While the state was prepared to call in the federal government to help clean up nearly 300 acres of severely contaminated land in Hanover, locals officials have managed to keep the $28 million job away from federal agencies for now.
The land in question is the former National Fireworks Co. site, which straddles Hanson and Pembroke and is loaded with mercury, lead, and other substances from centuries of industrial activity.
The state Department of Environmental Protection had set a June deadline for itself to reach an agreement with parties responsible for the pollution, then seek Superfund status, a designation given to the nation’s most contaminated sites. Under that scenario, the US Environmental Protection Agency would take the lead in getting the polluters to clean up the site.

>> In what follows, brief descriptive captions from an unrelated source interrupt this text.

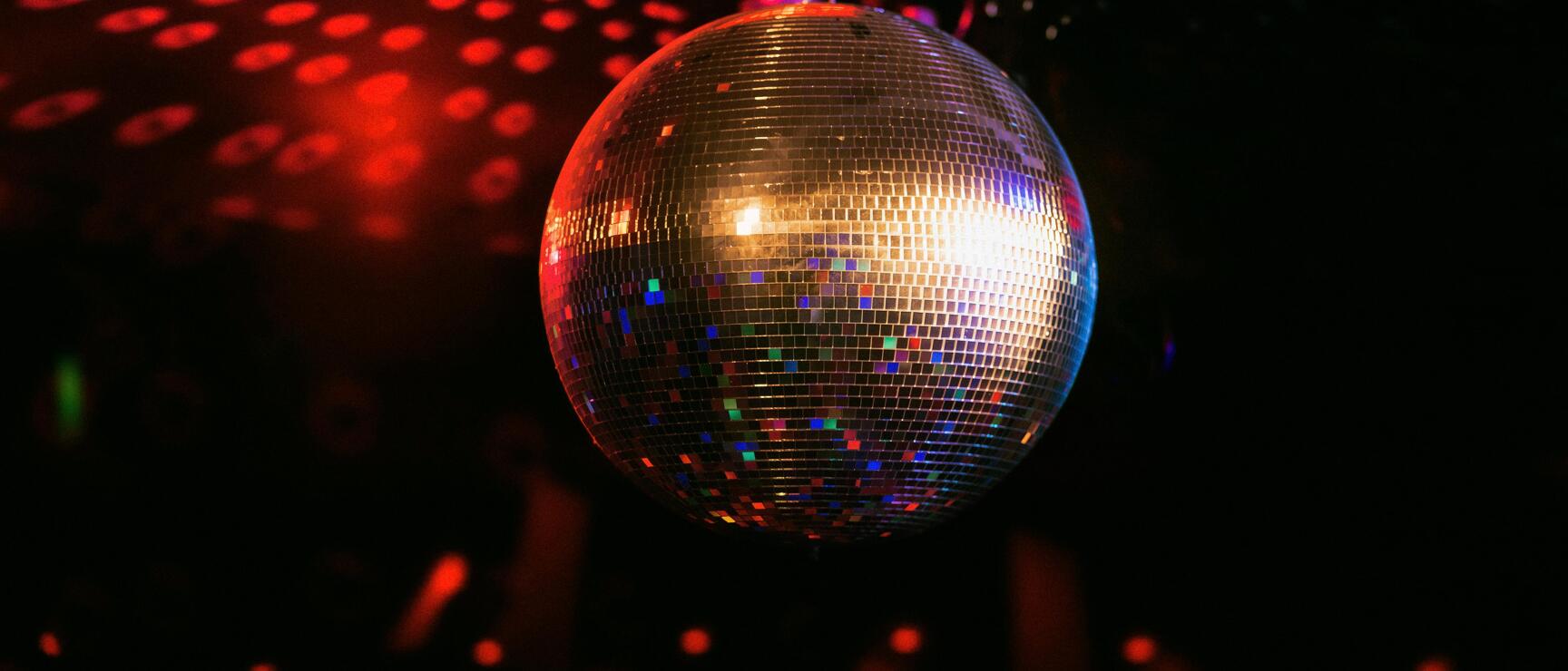 a shimmering disco ball in the dark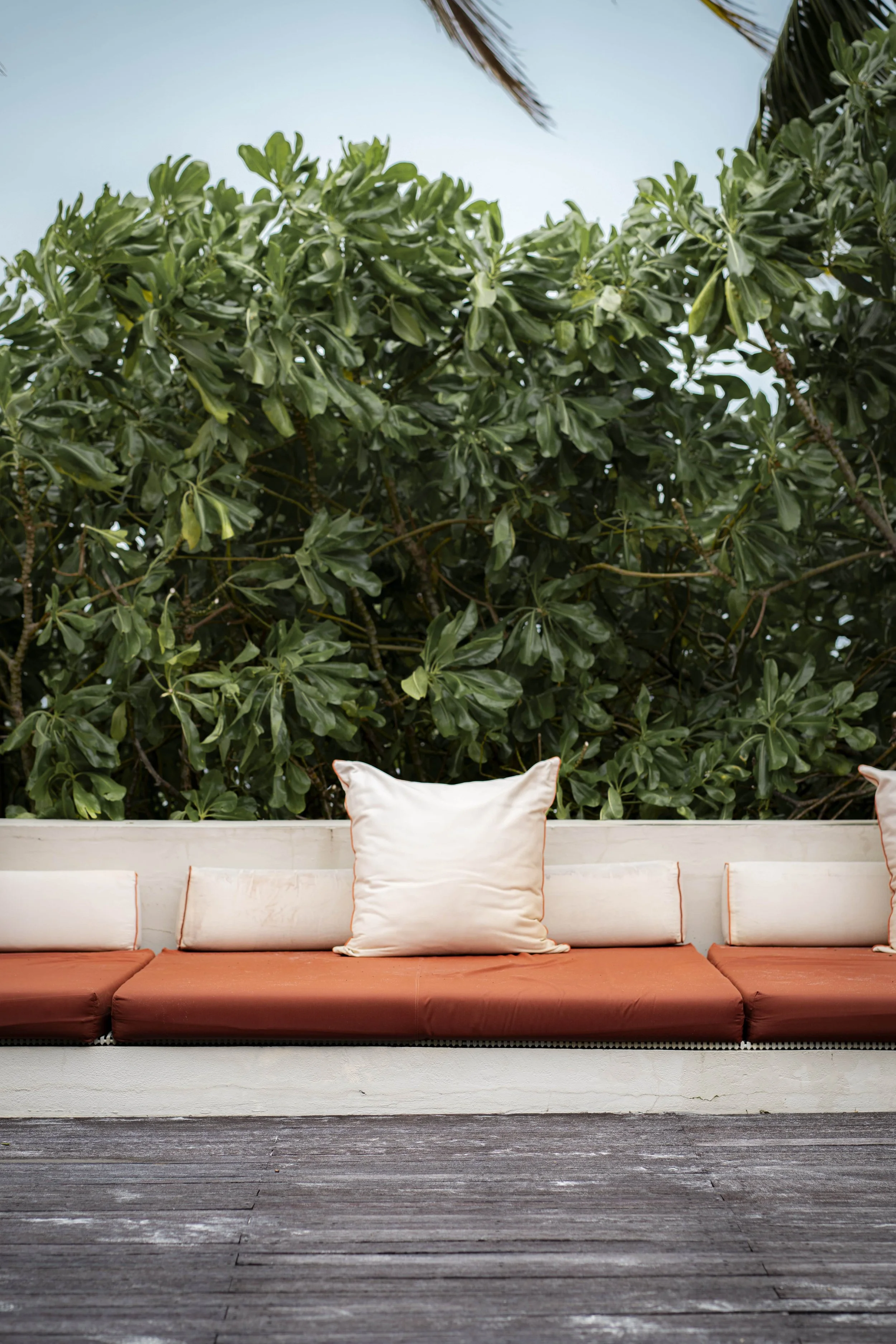 Outdoor seating area with a long orange cushion and several cream pillows, set against a background of lush green trees and a pale blue sky.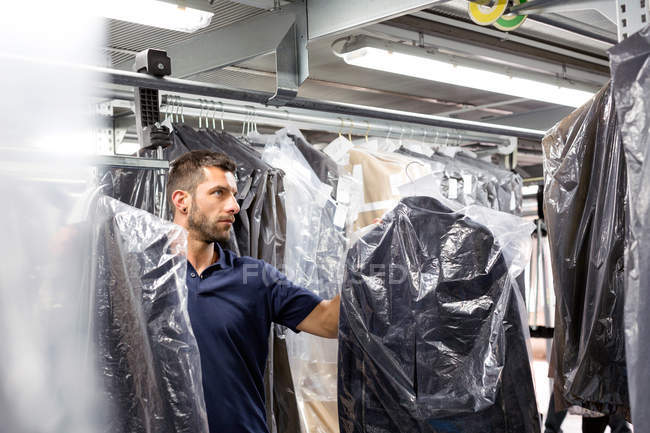 Hombre trabajador de almacén haciendo stock de prendas de vestir tomar en almacén de distribución - foto de stock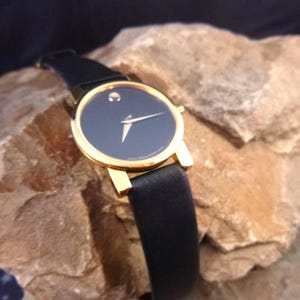 Op de afbeelding: Een goudkleurig polshorloge met een zwarte wijzerplaat en een zwarte leren band. Het horloge heeft een minimalistisch ontwerp met een enkele stip op 12 uur en gouden wijzers. Het horloge wordt gepresenteerd op een getextureerd rotsachtig oppervlak.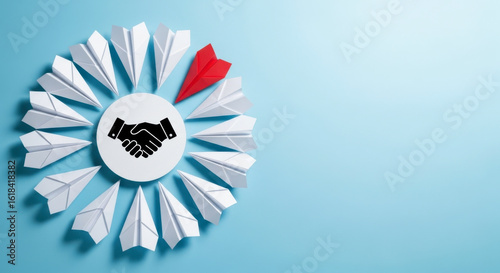 Business leadership teamwork concept with handshake and paper planes for success and innovation idea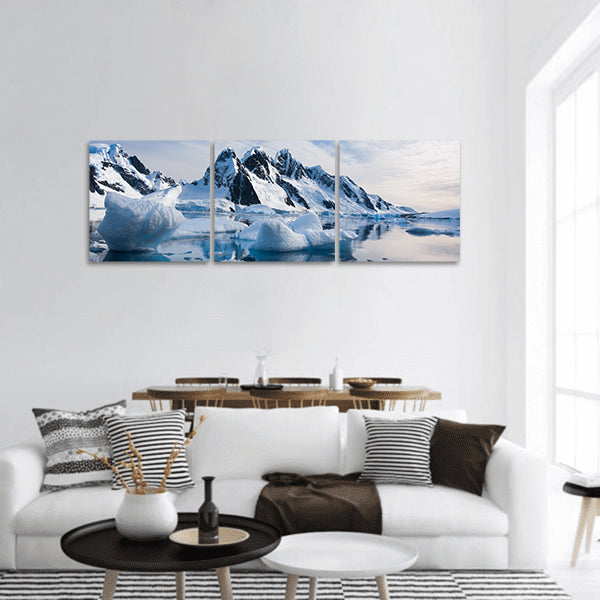 Snow-capped mountains against the blue sky in Antarctica panoramic canvas wall art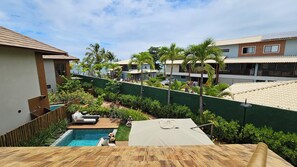 A pool area with a wooden deck, lounge chairs, and a small pool. - Casa Marluá (Camacari)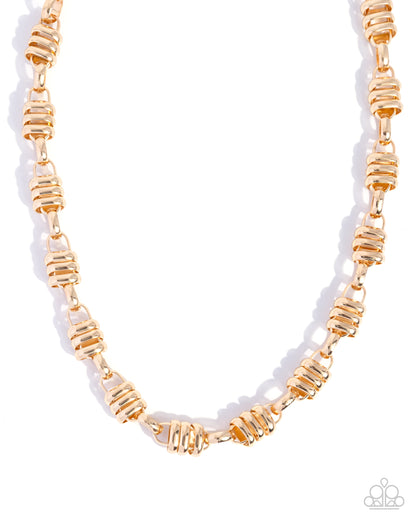 Gold beaded necklace on a white background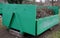 Container of green color for garden waste. it is weighed for bio composting or for thermal use as wood chips. The street and lawn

But at the local level, there has been enough progress in negotiations with the liable parties that Hanover Town Manager Troy Clarkson and Selectmen Chairman John Barry met with DEP officials and expressed their interest in staying involved in the cleanup.
Selectmen have set the site’s cleanup as a top priority for next year, in the hopes of using some of the remediated land to spur economic development, one of Hanover’s biggest goals, Clarkson said.
Those materials ‘don’t go away easily, especially after decades of disposing of things down drains that then leached elsewhere.’
Moreover, Hanover doesn’t want the stigma of a Superfund designation, Clarkson and others have said, nor does the town want to see the delays that occur when the federal government gets involved.
As a result, the state decided to delay seeking Superfund status for a year, and Clarkson said he was “excited and encouraged” to receive word from Martin Suuberg, the DEP’s acting regional director, that local negotiations can proceed.
The contamination has been accumulating on the property since an 18th-century forge hammered anchors for the USS Constitution, more commonly known as “Old Ironsides,” according to town historical records.
National Fireworks, a legendary producer of pyrotechnics from firecrackers to cherry bombs, was a major employer in Hanover in the early 20th century.
Over the years, the site saw a number of accidents and explosions, including, most spectacularly, a deafening 1902 fire in which 2,000 cases of pyrotechnics detonated over a period of three hours, according to an account in The New York Times.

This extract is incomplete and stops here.